* TASK REQUIREMENTS *
Reproduce only this part of the listing: the line with "Bellroy Travel Accessories Bellroy Tech Kit", plus every line after it through the last.

* EXERCISE DATA *
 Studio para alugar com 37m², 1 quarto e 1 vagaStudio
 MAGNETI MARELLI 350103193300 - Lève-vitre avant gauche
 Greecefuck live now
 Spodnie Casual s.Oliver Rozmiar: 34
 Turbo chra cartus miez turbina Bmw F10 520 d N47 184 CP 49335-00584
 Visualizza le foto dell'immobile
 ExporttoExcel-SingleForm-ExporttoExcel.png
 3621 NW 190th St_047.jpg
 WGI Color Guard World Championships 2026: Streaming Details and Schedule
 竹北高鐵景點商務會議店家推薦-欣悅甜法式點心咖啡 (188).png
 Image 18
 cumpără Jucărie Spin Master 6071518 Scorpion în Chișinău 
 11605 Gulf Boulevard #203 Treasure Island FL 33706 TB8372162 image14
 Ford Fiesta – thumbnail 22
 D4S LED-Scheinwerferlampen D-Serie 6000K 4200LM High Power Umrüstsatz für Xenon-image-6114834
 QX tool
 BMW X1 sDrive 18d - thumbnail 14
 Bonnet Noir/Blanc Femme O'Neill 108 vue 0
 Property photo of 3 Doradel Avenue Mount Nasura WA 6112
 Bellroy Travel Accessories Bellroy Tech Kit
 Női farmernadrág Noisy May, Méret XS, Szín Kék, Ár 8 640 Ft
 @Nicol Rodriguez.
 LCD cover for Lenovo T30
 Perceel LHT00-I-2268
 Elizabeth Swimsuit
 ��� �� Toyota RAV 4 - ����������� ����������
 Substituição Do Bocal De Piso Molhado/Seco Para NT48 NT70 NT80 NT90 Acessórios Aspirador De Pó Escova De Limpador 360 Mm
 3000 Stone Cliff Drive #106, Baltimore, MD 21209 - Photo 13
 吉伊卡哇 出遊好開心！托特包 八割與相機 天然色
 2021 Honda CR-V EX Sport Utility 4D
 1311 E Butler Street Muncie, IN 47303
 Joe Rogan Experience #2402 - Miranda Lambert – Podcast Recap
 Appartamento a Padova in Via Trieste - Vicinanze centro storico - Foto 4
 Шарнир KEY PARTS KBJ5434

* SOLVED PROBLEM *
 Bellroy Travel Accessories Bellroy Tech Kit
 Női farmernadrág Noisy May, Méret XS, Szín Kék, Ár 8 640 Ft
 @Nicol Rodriguez.
 LCD cover for Lenovo T30
 Perceel LHT00-I-2268
 Elizabeth Swimsuit
 ��� �� Toyota RAV 4 - ����������� ����������
 Substituição Do Bocal De Piso Molhado/Seco Para NT48 NT70 NT80 NT90 Acessórios Aspirador De Pó Escova De Limpador 360 Mm
 3000 Stone Cliff Drive #106, Baltimore, MD 21209 - Photo 13
 吉伊卡哇 出遊好開心！托特包 八割與相機 天然色
 2021 Honda CR-V EX Sport Utility 4D
 1311 E Butler Street Muncie, IN 47303
 Joe Rogan Experience #2402 - Miranda Lambert – Podcast Recap
 Appartamento a Padova in Via Trieste - Vicinanze centro storico - Foto 4
 Шарнир KEY PARTS KBJ5434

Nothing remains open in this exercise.